Una de todas estas bandas le llamó más la atención que las demás: la Panda del Moco, “o el arquetipo original del grupo de pijos malos”. “Siempre me han fascinado los pijos malos y me han parecido un espécimen muy curioso”, explica Iñaki. “Alguien que se ha criado entre algodones, pero que no encaja. Es una figura arquetípica en los ochenta y los noventa. Eran personajes que iban con sus zapatillas New Balance, practicaban karate o full contact y eran violentos. Hay todo un filón en ellos”.
Etnografía del macarreo
Macarras e indeseables son dos sinónimos que han ido de la mano en Madrid cuando muchos de estos marginados se movían por pura atracción a la violencia o por ideologías fascistas. En el libro, Iñaki hace una interesantísima etnografía del macarreo para fijar en la memoria colectiva los efímeros mitos callejeros, acercándose a esos personajes, a través de muchas entrevistas, como si fuera uno de los hermanos Grimm arrimándose a la sabiduría popular de los cuentos y los mitos del folclore centroeuropeo. Si los Grimm interrogaron a ancianas y gentes de poblaciones rurales, este antropólogo cultural explora la ciudad en profundidad por sus barrios y, aprovechando que en Madrid siempre se ha hecho mucha vida en la calle, consigue un muestrario amplio de batallas.
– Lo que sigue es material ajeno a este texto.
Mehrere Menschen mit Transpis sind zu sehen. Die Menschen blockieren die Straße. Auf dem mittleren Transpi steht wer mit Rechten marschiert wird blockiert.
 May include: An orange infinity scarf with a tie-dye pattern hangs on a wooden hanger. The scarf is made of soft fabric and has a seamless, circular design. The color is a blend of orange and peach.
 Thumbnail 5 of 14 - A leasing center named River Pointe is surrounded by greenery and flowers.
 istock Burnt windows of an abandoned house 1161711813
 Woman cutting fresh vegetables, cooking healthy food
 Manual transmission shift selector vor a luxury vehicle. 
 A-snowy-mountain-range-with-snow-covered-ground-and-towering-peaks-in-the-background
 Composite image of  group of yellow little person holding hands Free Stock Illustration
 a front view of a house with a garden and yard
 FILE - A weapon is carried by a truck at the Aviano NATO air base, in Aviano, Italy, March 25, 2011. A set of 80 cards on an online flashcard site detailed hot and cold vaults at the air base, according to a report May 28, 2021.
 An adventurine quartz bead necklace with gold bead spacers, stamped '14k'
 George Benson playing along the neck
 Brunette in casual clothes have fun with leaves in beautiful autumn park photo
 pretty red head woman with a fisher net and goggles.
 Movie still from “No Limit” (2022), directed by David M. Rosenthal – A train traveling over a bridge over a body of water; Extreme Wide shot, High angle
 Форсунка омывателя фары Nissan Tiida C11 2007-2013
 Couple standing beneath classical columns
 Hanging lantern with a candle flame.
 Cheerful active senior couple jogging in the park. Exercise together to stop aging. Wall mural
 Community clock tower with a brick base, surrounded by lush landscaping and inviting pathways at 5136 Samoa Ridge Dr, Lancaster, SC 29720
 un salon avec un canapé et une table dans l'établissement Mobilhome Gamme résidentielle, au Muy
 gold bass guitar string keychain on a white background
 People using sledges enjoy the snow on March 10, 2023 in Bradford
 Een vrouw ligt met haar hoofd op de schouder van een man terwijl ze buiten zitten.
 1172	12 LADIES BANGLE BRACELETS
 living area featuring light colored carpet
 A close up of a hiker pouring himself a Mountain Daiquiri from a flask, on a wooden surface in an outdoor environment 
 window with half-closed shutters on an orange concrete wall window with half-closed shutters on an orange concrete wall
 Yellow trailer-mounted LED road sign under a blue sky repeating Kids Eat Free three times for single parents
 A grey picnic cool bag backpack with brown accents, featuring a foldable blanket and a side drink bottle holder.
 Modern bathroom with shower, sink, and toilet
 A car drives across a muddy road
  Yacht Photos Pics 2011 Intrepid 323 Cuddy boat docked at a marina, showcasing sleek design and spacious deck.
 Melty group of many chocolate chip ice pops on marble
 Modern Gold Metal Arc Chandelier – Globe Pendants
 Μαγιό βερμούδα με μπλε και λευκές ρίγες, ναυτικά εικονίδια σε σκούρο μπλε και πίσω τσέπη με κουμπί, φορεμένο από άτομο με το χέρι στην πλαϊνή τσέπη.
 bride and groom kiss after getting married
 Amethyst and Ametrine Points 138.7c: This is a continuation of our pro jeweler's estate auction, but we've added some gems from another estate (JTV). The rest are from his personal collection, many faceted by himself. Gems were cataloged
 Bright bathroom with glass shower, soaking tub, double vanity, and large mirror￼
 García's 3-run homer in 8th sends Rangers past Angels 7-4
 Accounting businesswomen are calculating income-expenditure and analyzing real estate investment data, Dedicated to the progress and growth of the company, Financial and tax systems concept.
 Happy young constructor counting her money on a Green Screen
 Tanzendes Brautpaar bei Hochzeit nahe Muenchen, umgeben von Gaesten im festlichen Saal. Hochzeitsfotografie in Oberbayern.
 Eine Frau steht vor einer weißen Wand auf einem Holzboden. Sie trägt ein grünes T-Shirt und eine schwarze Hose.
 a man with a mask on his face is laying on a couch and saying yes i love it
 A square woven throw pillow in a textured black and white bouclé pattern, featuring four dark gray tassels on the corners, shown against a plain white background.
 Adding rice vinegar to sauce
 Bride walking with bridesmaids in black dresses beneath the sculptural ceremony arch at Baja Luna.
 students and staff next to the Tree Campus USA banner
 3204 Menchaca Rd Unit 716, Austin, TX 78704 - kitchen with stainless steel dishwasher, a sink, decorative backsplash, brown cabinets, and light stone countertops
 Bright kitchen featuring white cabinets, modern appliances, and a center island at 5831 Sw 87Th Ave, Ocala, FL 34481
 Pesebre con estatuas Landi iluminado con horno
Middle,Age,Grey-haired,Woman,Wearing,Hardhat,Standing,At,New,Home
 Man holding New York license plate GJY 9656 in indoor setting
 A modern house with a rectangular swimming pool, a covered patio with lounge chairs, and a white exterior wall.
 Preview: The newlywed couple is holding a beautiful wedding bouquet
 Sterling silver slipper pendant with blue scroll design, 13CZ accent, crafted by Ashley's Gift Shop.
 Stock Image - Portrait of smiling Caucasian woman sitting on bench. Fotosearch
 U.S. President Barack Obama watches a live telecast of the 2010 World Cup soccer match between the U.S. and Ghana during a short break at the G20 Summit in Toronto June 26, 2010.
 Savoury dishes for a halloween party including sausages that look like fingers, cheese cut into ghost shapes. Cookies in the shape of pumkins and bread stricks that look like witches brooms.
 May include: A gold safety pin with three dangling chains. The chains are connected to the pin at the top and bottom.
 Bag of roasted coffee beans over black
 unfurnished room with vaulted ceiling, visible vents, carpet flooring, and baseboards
De esta forma, se analizan y se cuentan historias de los rockers o “desterrados de la Movida”, de los punkis de Malasaña, de los raperos de Torrejón, de los heavys de Carabanchel o de otras pandillas que se dieron en territorios salvajes en el pasado como fueron Lavapiés, Cuatro Caminos y Vallecas. “En las grandes ciudades hay una gran inmigración en los años cincuenta y sesenta del mundo rural. Madrid es el gran foco. En la ciudad surgen las patologías mentales y la delincuencia. Un macarra típico es aquel que viene del campo y se pervierte en la ciudad, en una época en que era más dura, no estaba construida, y el espacio urbano del extrarradio hace que la ciudad no vaya a ellos sino ellos a la ciudad. Canillejas, Vicálvaro o Vallecas son así y, luego, son absorbidos por la ciudad”.
Actualmente, las pandillas son cosa del pasado o, al menos, ya no pueblan los barrios como en décadas atrás. “Ha cambiado totalmente la forma de relacionarse de la ciudad. Antes, el barrio era identidad, significa que era el todo. No había internet y todo se hacía en la calle y pasaba por ella”.